Roger Pielke Jr comments:
“For a while now I’ve been asking climate scientists to tell me what could be observed in the real world that would be inconsistent with forecasts (predictions, projections, etc.) of climate models, such as those that are used by the IPCC. I’ve long suspected that the answer is “nothing” and the public silence from those in the outspoken climate science community would seem to back this up. Now a paper in Nature today (PDF) suggests that cooling in the world’s oceans could, according to Richard Woods who comments on the paper in the same issue, “temporarily offset the longer-term warming trend from increasing levels of greenhouse gases in the atmosphere”, and this would not be inconsistent with predictions of longer-term global warming.
“I am sure that this is an excellent paper by world class scientists. But when I look at the broader significance of the paper what I see is that there is in fact nothing that can be observed in the climate system that would be inconsistent with climate model predictions. If global cooling over the next few decades is consistent with model predictions, then so too is pretty much anything and everything under the sun.
“This means that from a practical standpoint climate models are of no practical use beyond providing some intellectual authority in the promotional battle over global climate policy. I am sure that some model somewhere has foretold how the next 20 years will evolve (and please ask me in 20 years which one!). And if none get it right, it won’t mean that any were actually wrong. If there is no future over the next few decades that models rule out, then anything is possible. And of course, no one needed a model to know that.
“Don’t get me wrong, models are great tools for probing our understanding and exploring various assumptions about how nature works. But scientists think they know with certainty that carbon dioxide leads to bad outcomes for the planet, so future modeling will only refine that fact. I am focused on the predictive value of the models, which appears to be nil. So models have plenty of scientific value left in them, but tools to use in planning or policy? Forget about it.
Those who might object to my assertion that models are of no practical use beyond political promotion, can start by returning to my original question: What can be observed in the climate over the next few decade that would be inconsistent with climate model projections? If you have no answer for this question then I’ll stick with my views.”
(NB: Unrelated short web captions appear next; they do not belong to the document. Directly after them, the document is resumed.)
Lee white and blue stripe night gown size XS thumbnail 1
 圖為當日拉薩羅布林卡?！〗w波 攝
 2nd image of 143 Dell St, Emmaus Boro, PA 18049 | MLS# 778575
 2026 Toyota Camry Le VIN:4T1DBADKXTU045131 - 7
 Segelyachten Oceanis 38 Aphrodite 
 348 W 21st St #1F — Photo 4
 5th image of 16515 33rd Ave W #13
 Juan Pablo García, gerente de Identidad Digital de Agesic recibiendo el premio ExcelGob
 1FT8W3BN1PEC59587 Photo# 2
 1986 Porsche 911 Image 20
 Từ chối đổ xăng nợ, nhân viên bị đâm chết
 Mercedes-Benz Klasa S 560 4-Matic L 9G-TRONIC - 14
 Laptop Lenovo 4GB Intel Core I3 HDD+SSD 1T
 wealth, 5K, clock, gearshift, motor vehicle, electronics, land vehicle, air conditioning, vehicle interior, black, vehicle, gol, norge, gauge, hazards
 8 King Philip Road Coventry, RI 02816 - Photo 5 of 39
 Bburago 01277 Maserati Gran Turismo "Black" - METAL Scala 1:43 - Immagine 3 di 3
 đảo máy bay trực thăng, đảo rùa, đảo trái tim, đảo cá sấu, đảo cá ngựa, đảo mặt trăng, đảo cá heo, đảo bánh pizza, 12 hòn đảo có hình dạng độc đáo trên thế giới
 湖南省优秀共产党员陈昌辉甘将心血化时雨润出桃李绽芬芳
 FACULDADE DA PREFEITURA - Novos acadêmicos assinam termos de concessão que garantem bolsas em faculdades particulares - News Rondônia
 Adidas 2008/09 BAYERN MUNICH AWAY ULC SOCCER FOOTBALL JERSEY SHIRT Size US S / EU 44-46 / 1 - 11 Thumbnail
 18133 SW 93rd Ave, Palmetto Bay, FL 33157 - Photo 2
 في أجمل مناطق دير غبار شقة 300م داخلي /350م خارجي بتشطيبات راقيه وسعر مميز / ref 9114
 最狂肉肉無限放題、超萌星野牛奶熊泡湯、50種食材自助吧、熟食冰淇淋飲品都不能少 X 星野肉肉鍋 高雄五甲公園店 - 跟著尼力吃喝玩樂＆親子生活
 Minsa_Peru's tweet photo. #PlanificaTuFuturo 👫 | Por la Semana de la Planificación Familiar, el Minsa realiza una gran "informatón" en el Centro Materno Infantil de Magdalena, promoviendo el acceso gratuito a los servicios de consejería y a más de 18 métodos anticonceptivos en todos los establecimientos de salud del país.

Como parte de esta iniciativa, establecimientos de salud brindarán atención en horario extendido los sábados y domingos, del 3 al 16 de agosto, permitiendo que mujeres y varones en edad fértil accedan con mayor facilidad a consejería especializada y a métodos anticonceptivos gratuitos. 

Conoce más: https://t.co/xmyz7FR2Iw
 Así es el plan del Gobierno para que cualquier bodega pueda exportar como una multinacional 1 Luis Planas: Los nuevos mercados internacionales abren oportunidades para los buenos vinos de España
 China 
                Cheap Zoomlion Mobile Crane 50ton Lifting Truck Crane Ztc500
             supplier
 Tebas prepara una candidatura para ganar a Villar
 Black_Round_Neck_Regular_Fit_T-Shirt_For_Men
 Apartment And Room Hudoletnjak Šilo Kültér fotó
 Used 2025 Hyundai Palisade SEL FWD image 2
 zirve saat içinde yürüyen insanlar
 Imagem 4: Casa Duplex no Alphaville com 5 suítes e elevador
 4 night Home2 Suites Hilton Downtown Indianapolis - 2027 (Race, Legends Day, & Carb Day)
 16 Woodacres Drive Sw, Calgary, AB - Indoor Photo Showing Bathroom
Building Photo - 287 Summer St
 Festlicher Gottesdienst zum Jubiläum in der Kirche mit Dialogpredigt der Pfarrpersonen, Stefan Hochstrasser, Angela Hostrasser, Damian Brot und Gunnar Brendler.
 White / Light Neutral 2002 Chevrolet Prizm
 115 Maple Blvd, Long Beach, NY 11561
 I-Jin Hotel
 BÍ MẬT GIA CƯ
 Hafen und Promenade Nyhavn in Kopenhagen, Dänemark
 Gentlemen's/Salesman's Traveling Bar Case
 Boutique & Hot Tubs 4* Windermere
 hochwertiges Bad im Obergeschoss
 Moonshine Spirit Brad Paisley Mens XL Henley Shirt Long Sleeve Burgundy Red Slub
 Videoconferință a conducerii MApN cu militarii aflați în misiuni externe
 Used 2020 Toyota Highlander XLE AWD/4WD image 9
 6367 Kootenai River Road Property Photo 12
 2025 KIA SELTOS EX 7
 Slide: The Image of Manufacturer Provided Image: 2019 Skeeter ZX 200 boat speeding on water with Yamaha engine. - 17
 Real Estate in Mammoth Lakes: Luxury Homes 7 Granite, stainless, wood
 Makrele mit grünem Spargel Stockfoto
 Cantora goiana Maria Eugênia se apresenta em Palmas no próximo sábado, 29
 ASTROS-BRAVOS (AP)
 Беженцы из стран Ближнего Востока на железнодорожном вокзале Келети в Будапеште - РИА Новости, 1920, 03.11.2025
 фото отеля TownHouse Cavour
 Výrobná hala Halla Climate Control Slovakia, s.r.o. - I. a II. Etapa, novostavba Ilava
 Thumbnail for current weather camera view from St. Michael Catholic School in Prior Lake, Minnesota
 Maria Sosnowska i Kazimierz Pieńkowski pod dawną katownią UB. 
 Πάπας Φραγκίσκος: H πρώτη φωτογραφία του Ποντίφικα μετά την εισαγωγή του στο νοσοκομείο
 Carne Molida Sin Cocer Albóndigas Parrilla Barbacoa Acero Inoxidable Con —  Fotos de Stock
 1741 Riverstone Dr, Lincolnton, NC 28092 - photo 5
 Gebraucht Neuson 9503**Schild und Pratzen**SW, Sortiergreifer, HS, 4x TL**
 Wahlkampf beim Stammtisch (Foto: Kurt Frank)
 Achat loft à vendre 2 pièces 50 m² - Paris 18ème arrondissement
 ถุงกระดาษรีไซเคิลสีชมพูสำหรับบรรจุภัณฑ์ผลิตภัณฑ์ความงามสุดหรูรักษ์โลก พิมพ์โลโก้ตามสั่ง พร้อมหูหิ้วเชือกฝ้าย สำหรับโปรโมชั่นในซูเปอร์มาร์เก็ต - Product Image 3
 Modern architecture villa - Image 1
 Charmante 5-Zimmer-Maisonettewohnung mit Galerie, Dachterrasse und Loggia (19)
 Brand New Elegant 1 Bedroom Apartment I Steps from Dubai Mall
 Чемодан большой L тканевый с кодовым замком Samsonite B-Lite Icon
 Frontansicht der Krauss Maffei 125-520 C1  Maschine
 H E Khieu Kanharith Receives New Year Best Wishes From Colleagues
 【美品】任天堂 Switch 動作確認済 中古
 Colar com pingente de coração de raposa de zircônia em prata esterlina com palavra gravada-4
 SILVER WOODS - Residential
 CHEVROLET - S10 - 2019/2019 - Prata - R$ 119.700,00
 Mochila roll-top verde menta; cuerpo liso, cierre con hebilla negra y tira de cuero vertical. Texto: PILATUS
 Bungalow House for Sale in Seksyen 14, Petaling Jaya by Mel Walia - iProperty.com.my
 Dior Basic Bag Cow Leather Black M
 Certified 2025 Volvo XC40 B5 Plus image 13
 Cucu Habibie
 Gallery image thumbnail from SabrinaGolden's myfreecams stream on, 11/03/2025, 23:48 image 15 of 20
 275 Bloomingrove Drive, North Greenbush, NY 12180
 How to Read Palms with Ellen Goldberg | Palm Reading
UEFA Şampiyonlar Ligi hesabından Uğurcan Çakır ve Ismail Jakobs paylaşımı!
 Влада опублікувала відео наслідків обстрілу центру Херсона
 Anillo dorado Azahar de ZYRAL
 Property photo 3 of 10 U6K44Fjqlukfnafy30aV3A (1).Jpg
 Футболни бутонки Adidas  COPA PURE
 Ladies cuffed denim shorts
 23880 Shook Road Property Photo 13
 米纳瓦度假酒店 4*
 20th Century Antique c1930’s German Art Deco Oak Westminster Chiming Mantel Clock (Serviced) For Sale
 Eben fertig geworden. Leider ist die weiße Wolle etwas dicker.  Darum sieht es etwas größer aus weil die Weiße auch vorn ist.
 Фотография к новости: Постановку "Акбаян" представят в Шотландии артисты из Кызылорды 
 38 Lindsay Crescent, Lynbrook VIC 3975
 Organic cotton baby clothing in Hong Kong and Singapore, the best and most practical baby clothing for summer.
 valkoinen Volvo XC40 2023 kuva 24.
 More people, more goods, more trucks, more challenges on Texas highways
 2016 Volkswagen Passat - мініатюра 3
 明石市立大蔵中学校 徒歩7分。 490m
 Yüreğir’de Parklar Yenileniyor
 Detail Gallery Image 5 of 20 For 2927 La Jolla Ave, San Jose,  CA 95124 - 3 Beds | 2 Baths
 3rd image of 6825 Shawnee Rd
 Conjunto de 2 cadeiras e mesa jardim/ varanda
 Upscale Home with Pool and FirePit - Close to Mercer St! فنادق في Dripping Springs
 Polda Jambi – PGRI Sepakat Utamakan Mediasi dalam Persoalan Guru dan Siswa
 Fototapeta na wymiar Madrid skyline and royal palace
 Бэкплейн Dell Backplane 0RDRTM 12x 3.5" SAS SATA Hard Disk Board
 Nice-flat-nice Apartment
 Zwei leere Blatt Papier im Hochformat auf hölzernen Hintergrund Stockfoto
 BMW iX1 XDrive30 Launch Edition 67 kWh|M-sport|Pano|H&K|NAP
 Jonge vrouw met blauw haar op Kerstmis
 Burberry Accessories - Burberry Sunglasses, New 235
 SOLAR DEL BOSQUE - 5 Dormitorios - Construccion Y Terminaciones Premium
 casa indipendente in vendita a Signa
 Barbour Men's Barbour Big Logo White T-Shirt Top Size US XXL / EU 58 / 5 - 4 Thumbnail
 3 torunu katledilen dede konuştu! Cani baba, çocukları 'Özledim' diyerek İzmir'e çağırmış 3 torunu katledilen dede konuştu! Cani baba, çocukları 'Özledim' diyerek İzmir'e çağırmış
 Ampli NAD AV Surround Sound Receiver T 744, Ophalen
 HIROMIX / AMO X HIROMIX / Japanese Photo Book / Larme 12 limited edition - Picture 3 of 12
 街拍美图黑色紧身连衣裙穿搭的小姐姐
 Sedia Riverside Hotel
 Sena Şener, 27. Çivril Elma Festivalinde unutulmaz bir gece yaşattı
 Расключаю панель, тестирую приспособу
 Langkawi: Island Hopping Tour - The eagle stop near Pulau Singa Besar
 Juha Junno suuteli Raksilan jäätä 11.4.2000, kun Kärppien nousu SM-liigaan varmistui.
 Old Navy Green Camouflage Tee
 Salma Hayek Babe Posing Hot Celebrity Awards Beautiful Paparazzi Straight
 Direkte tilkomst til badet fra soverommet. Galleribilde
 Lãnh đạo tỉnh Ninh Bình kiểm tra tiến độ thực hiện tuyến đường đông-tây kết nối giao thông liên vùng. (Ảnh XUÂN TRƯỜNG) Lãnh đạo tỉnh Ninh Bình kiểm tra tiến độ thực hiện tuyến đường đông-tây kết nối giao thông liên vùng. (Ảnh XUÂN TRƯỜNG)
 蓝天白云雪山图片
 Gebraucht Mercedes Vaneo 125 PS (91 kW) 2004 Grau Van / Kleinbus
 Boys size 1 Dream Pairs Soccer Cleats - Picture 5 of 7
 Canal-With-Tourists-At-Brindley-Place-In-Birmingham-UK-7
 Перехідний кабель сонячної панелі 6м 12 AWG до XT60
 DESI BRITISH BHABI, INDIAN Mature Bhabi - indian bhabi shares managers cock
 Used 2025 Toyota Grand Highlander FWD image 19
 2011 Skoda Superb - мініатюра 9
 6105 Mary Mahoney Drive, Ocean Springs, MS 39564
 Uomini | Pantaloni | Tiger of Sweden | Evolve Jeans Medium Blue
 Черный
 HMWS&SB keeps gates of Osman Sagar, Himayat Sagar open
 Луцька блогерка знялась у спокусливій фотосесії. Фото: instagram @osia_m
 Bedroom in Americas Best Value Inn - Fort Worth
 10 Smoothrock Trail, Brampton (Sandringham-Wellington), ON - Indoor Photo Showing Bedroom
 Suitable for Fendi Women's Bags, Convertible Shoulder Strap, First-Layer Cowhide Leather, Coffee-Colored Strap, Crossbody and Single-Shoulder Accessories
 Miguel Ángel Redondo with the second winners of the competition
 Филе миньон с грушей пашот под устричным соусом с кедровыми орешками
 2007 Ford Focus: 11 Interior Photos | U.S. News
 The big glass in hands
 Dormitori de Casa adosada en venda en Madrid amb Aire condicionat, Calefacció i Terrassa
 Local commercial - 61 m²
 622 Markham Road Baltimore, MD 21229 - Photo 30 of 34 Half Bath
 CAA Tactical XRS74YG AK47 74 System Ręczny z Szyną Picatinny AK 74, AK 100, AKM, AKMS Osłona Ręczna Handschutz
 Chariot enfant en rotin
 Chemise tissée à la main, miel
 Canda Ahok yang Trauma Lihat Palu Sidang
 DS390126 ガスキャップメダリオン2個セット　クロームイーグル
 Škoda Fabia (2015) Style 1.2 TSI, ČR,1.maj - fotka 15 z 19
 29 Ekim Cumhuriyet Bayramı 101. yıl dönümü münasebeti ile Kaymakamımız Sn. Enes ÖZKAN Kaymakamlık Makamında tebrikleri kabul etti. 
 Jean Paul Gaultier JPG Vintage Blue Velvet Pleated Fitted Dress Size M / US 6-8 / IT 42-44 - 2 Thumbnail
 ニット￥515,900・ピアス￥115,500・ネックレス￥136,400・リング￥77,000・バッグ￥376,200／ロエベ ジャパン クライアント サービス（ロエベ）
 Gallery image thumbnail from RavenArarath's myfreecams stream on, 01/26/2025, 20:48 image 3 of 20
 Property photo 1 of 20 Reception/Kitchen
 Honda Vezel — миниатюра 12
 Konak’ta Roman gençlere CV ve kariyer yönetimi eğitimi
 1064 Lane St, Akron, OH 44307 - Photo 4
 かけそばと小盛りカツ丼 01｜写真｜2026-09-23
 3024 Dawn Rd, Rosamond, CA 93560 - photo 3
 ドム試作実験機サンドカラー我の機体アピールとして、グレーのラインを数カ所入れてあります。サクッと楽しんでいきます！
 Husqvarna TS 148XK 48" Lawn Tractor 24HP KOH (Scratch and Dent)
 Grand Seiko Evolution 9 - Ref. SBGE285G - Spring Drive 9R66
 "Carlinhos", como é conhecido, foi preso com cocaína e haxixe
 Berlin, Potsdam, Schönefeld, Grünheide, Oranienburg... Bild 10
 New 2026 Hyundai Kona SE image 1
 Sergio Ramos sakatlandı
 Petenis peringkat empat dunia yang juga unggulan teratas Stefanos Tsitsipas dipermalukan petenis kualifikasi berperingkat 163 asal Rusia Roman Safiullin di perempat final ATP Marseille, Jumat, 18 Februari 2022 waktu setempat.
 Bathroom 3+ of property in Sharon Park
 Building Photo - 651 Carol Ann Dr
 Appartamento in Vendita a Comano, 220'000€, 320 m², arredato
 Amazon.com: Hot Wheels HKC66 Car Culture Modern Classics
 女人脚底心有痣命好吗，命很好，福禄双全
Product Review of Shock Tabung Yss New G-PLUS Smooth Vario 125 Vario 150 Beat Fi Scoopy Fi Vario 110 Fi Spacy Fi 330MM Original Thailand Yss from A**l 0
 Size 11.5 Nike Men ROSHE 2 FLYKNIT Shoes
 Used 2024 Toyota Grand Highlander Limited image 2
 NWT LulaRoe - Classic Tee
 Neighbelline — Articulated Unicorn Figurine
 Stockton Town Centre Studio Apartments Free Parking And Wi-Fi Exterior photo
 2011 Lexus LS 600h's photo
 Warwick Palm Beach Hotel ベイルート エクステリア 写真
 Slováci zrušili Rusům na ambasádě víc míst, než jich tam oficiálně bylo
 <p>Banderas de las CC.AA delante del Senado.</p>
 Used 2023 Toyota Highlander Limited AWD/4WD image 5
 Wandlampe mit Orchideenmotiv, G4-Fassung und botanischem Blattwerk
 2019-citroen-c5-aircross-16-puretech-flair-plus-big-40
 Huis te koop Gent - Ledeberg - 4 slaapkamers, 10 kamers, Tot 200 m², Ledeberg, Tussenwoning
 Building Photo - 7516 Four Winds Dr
According to Richard A. Kerr in Science 2 May 2008:
“So if you’re a climate- change activist pointing to year after year of mounting climate crises, you might want to rethink your approach.”
Roger Pielke Sr has commented at his blog on a New York Times article entitled, Decade Break In Global Warming:
According to the Nature.com blog website The New York Times wraps up a piece by Andrew Revkin entitled‘In a New Climate Model, Short-Term Cooling in a Warmer World’ with a useful quote from Kevin Trenberth, of the US National Center for Atmospheric Research:
“Too many think global warming means monotonic relentless warming everywhere year after year. It does not happen that way.’”
This is wrong. Global warming theory does require a more-or-less monotonic increase in warming (in the absence of a major volcanic eruption) according to all multi-decadal global model runs (e.g. see the Figure in this post on Climate Science ; and see Figure 1 in Barnett et al, 2001). This essentially monotonic report is even emphasized in the 2007 IPCC Summary for Policymakers (see Figure SPM.4)! Climate Science published a proposed test of the multi-decadal global model predictions (see A Litmus Test For Global Warming – A Much Overdue Requirement).
Clearly, the models are failing to predict the rate, and even the sign for the most recent years,of global warming.